Proving the Containment of Sint in S: A Simple Task or a Mind-Bending Challenge?

[trap101]

Prove that S^int$\subseteq$ S

Ok I thought this was going to be easy, but apparently I'm having issues.

So I said:

for all $x$ let x$\in$S^int

==> there exists a B(r, x) s.t with any point a in S^int |X-a| < r.

But now S is the B(r,x) s.t |x-a| = r...

This is where I'm stuck. I know I have to show that the properties of S^int also apply to S. Help

 

[algebrat]

you should have said,

If x is in the interior of S, there exists a ball B(x,r) contained in S. Thus, for any a in the entire ambient space, if |a-x|<r, then a is in B(x,r) and thus in S.

The ball is in S, but why do you think S is in the ball?

I think the key point is that x itself is in the ball! Thus x is in... where?! (... as desired.)

 

[Dick]

I have no idea what you are talking about. But I am pretty sure you don't know what S^int means. This IS be easy. Review the definition of S^int, ok?

 

[trap101]

I have no idea what you are talking about. But I am pretty sure you don't know what S^int means. This IS be easy. Review the definition of S^int, ok?
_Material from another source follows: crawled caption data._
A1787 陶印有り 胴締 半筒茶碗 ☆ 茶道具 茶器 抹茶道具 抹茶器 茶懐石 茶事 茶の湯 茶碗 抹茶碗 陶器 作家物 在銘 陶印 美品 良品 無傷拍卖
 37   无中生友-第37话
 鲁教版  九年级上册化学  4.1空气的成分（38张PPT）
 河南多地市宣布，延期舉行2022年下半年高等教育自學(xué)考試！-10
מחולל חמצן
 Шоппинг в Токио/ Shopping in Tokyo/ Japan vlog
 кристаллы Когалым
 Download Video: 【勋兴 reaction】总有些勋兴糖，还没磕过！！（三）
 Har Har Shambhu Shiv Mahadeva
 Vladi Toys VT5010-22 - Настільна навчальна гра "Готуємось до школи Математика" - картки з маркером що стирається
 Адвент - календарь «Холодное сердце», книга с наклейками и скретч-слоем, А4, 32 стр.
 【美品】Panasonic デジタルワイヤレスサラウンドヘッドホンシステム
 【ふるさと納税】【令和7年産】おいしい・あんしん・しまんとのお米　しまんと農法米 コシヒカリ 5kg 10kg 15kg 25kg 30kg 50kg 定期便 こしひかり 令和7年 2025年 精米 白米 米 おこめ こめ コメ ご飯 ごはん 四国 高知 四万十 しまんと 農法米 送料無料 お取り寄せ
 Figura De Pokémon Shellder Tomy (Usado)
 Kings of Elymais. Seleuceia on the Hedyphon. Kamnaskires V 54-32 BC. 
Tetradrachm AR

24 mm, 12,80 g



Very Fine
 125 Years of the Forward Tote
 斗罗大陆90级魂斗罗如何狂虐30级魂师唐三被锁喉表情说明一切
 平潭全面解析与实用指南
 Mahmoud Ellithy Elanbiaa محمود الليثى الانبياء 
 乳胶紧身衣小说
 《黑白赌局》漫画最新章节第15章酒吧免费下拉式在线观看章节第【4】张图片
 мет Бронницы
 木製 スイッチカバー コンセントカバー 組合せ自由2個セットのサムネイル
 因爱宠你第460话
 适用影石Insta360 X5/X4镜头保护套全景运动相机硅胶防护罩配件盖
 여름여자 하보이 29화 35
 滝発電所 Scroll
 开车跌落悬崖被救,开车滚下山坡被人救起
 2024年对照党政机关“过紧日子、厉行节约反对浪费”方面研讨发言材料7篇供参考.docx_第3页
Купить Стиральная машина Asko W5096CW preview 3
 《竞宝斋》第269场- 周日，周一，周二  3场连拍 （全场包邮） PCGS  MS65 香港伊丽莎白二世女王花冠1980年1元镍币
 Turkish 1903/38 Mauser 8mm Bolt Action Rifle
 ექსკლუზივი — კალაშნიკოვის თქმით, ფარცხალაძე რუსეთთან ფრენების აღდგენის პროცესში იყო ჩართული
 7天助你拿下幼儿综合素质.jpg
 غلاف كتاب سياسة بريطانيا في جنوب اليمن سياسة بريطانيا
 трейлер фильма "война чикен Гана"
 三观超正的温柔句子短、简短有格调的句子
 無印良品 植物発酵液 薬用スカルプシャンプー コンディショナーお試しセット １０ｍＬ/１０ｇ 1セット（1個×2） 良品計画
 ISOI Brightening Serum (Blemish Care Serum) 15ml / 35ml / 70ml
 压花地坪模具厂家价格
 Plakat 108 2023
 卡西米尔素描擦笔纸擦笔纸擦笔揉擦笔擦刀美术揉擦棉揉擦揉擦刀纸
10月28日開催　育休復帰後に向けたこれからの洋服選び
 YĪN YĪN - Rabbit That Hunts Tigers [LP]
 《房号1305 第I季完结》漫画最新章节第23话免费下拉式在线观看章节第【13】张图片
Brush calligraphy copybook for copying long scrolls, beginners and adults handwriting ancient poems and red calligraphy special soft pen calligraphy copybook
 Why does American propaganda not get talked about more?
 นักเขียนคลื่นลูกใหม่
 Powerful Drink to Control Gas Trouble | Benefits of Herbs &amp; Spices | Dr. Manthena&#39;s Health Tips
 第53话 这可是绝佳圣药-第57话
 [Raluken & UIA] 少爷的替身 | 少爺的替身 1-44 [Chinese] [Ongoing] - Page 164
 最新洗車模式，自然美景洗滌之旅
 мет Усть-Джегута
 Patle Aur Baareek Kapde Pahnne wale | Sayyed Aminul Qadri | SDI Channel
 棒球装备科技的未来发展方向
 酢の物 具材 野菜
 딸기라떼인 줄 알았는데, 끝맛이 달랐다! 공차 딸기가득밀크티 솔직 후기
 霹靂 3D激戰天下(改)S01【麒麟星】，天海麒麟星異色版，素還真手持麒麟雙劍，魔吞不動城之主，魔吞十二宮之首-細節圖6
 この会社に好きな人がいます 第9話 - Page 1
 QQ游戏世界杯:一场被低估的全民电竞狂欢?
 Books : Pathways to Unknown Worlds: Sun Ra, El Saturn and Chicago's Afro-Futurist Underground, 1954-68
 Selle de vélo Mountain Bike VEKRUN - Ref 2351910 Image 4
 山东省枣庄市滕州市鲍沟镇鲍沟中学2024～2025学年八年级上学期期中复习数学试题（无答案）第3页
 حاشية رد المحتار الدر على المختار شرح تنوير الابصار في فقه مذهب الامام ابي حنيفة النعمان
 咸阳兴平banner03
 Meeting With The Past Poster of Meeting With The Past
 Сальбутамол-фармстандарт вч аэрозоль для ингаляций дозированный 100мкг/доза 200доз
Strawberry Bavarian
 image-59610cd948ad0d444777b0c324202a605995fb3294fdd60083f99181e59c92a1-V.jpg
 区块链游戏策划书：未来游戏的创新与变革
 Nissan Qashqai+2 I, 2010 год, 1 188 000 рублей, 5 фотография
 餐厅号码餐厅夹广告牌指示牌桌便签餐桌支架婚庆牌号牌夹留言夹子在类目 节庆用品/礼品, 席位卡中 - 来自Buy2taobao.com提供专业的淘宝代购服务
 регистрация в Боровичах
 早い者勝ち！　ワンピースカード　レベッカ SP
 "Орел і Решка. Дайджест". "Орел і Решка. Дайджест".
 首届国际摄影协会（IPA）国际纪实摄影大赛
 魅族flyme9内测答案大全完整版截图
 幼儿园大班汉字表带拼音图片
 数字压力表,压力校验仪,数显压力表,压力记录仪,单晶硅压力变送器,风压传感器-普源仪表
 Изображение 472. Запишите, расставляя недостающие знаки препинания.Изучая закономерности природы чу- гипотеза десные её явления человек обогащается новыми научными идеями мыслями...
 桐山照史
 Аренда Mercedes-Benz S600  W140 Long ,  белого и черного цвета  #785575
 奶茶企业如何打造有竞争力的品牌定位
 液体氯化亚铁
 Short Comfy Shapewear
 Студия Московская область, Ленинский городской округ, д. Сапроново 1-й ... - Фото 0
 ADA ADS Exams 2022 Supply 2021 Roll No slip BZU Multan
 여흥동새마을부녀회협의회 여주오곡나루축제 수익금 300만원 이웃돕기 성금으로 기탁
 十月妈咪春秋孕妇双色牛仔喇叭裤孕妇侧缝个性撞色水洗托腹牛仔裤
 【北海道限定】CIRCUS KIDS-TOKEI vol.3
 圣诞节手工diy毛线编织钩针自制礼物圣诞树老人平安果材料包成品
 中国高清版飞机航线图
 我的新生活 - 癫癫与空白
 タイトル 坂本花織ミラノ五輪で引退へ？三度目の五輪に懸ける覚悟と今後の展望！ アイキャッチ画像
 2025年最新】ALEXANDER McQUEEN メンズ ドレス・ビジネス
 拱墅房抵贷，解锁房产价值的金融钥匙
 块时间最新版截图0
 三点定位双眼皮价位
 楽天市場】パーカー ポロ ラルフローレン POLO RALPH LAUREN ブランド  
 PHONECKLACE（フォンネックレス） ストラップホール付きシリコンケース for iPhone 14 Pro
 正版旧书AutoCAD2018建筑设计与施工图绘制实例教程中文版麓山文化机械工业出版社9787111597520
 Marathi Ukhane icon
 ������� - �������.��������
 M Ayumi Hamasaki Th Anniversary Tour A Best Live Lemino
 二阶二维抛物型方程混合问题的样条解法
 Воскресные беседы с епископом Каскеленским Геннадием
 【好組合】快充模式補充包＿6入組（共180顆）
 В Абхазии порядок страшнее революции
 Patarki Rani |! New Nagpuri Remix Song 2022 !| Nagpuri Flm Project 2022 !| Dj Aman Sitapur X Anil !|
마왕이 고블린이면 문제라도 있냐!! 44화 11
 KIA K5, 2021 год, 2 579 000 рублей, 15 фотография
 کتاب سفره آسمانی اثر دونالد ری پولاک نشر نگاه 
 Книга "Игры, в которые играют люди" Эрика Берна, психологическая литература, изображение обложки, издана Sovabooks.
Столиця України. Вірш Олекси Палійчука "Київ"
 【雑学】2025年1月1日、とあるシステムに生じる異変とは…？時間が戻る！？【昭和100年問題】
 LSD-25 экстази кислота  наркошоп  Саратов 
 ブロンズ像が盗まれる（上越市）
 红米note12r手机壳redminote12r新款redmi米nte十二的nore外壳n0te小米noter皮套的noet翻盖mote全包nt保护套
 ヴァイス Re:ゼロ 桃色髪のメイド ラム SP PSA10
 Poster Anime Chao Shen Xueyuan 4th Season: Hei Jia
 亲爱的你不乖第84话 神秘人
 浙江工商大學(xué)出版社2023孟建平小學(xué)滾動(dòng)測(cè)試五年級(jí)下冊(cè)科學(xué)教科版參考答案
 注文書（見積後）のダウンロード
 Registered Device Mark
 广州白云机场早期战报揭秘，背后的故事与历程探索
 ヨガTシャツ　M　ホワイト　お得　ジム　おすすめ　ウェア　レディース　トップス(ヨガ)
That's exactly it, I do know what S^int means: it's the B(r,x) $\subseteq$S. i.e: The ball of radius "r" about the point "x". contained in S, but then I didn't "prove" anything I just stated the definition.

Is there some characteristic about S that I should be using to join them? Or is it just that simple as the definition?

 

[Dick]

That's exactly it, I do know what S^int means: it's the B(r,x) $\subseteq$S. i.e: The ball of radius "r" about the point "x". contained in S, but then I didn't "prove" anything I just stated the definition.

Is there some characteristic about S that I should be using to join them? Or is it just that simple as the definition?

It's super easy. x is in B(r,x). If B(r,x) is contained in S then x is an element of S.

 

[trap101]

It's super easy. x is in B(r,x). If B(r,x) is contained in S then x is an element of S.

maaaaaaannnn. Is a question like that just made to mess with my head because it is just TOO easy, so you start thinking in circles?

 

[Dick]

maaaaaaannnn. Is a question like that just made to mess with my head because it is just TOO easy, so you start thinking in circles?

If you overthink something that is easy, then you can start thinking in circles. But some things are just easy.